What to produce – Could you print the stretch of lines below from the one with "Vista 21 de" through the one with "Load image into", exactly as they stand and without any pictures?

[Short descriptive text snippets]
---+---

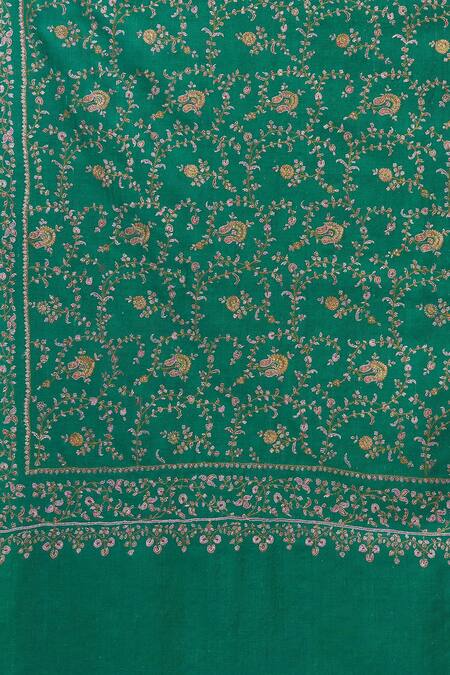 Buy_Toosh Kashmir_Green Sozni Floral Embroidered Jamawar Pashmina Shawl _Online_at_Aza_Fashions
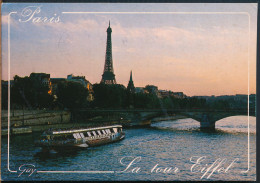 °°° 31233 - FRANCE - 75 - PARIS - COUCHER DE SOLEIL SUR LA SEINE ET LA TOUR EIFFEL - 1988 With Stamps °°° - Tour Eiffel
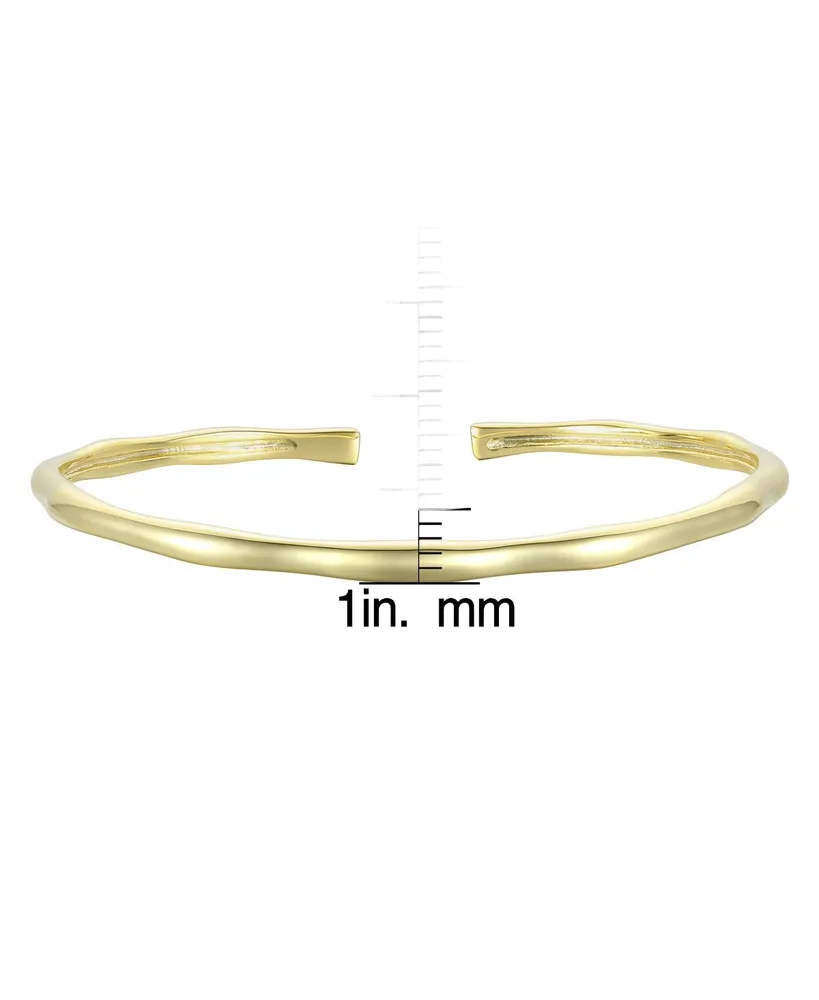 Rachel Glauber 14K Gold Plated Thin Cuff Adjustable Bangle Bracelet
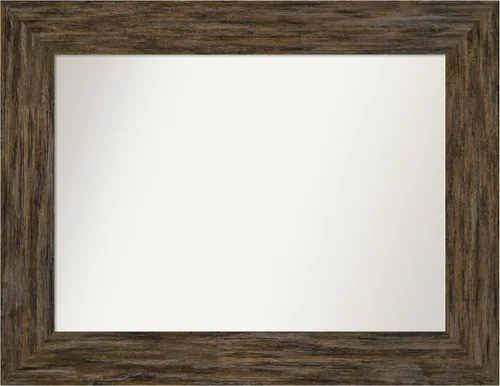 Vista 21 de Amanti Art Espejo personalizado, espejo de baño marrón Fencepost, espejo de pared o espejo de tocador de baño sobre el fregadero (27 x 27 pulgadas)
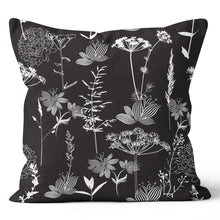 Load image into Gallery viewer, Leafy Vines Black Pillow Cover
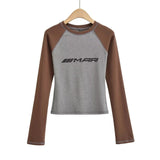Women T-Shirt Long Sleeve T-shirt Women Slim Fit Slimming Short Top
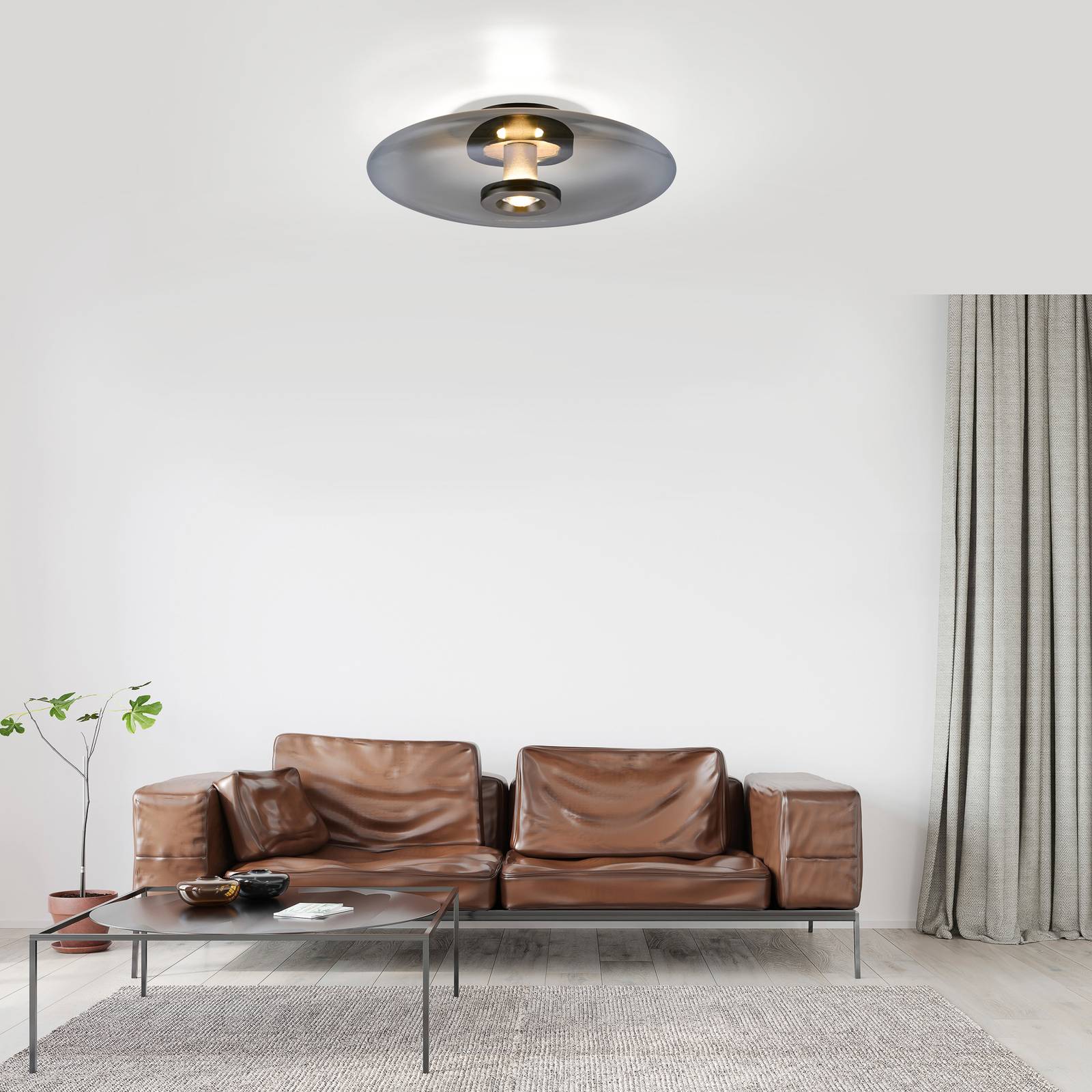 Lampa sufitowa LED PURE Vitrum, szara, szkło/aluminium, Ø 45 cm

---+---

Solution to the problem –
 Vista 21 de Amanti Art Espejo personalizado, espejo de baño marrón Fencepost, espejo de pared o espejo de tocador de baño sobre el fregadero (27 x 27 pulgadas)
 Load image into Gallery viewer, Leafy Vines Black Pillow Cover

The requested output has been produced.